MiniZinc / libminizinc

The MiniZinc compiler
http://www.minizinc.org
Other
510 stars 80 forks source link

enhancement request: need API access to generate integer sequences for number of combinatorial objects #608

Closed dan1221 closed 2 years ago

dan1221 commented 2 years ago

Sequences at oeis.org often show a Mathematica implementation, which often begins with a "Table" function, such as: Table[(n^2, {n, 1, 9}] https://www.wolframalpha.com/input?i=Table%28n%5E2%29%2C+%7Bn%2C+1%2C+9%7D%5D

However, sequences at oeis.org that show MiniZinc implementations, such as: https://oeis.org/A000170/a000170.mzn.txt often resort to less elegant command-line incantations with pipes and filters, such as:

% Usage:
% minizinc -a --soln-sep "" --search-complete-msg "" -D"n=8;" queen.mzn 2>/dev/null | awk 'NF' | sort

This is related to issue #607 "Counting solutions".

Dekker1 commented 2 years ago

I'm not sure how the Table wolfram function relates to getting all solutions from a MiniZinc model. Table in Wolfram is equivalent to an array comprehension in MiniZinc. (Table[(n^2), {n, 1, 9}] is equivalent to [pow(n,2) | n in 1..9])

I'm not very sure what the part is that you are missing. Trying the command the piping actually only sorts the solutions. This could also have been done with the --canonicalize flag.
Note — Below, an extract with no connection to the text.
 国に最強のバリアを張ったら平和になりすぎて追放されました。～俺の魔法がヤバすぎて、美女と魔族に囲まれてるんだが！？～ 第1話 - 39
The sorting might be why the separators were removed, so minizinc -a --canonicalize -D"n=8;" queen.mzn should give you the exact same information.
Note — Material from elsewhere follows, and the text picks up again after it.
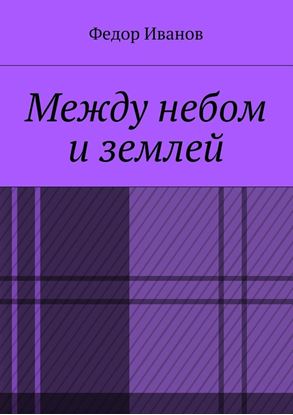 Обложка книги "Между небом и землей"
Could you elaborate on the functionality that you are missing?

dan1221 commented 2 years ago

I'm missing a convenient way to use MiniZinc to compute and output integer sequences such as at oeis.org, where the sequence is the number of combinatorial objects of some particular type for sizes 1..10. Should be able to declare a type of combinatorial object, such as an involution permutation, and then for n in 1..10 print the number of instances that satisfy the constraints.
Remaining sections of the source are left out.